Provided data:
-- Opening Marker --

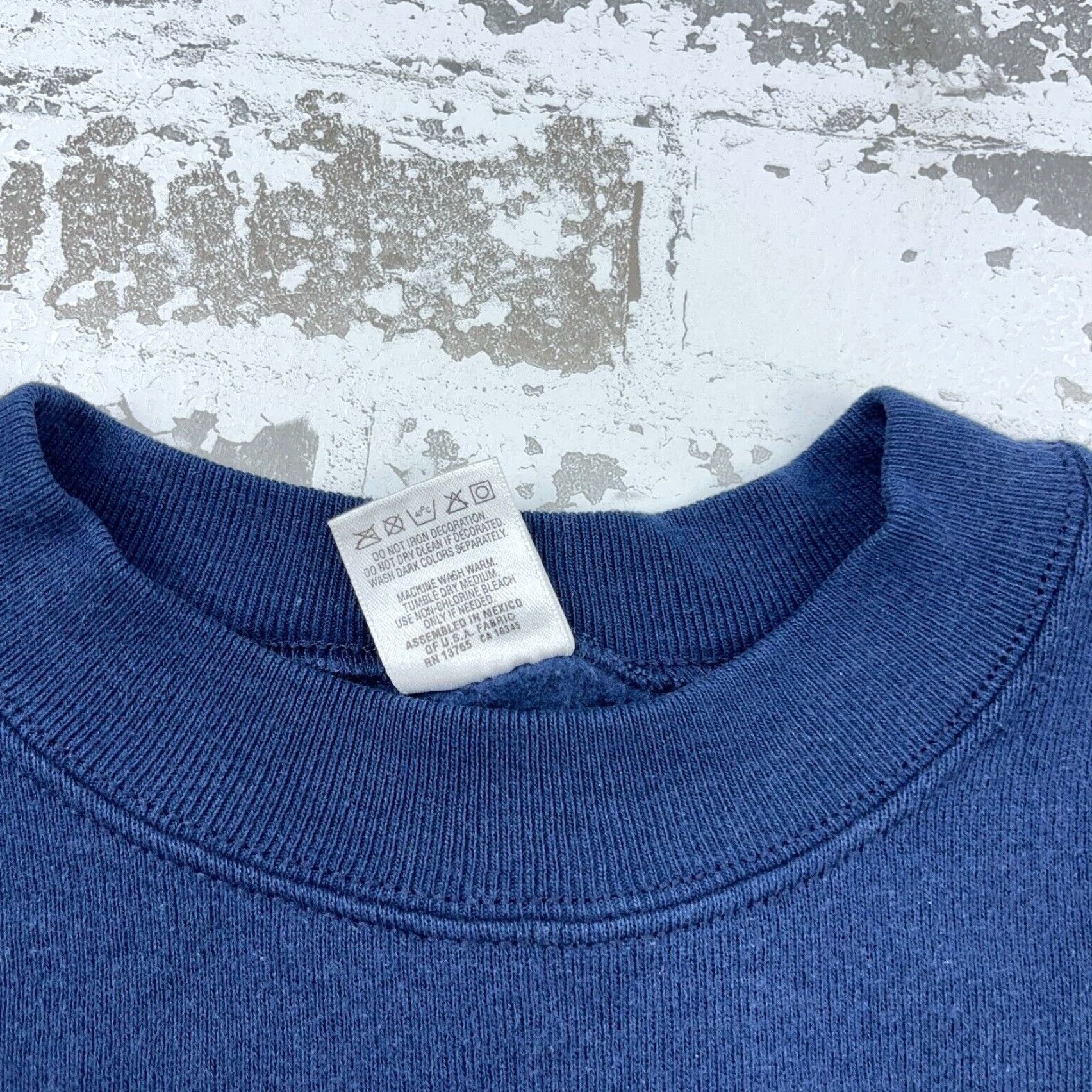 Fruit Of The Loom VINTAGE Fruit of the Loom Sweatshirt Men's Large Blue 90s USA Graphic Print Crew Neck Pullover Size US L / EU 52-54 / 3 - 6 Thumbnail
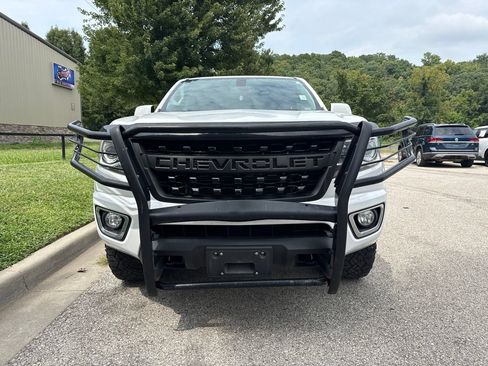 Used 2020 Chevrolet Colorado Z71 AWD/4WD image 2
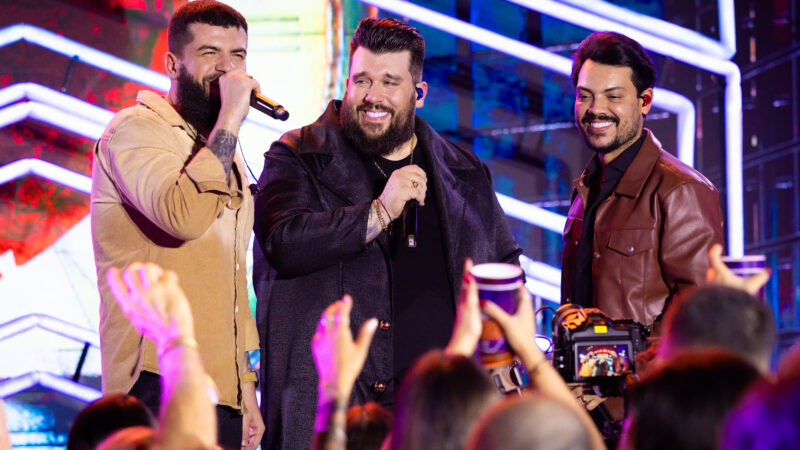 No auge, Panda lança “Guerra Diária” com Ícaro & Gilmar.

-- Closing Marker --

Task to carry out: All of the material must be given again exactly, though no picture may appear in the copy.

Completed exercise:
 Fruit Of The Loom VINTAGE Fruit of the Loom Sweatshirt Men's Large Blue 90s USA Graphic Print Crew Neck Pullover Size US L / EU 52-54 / 3 - 6 Thumbnail
 Used 2020 Chevrolet Colorado Z71 AWD/4WD image 2
 No auge, Panda lança “Guerra Diária” com Ícaro & Gilmar.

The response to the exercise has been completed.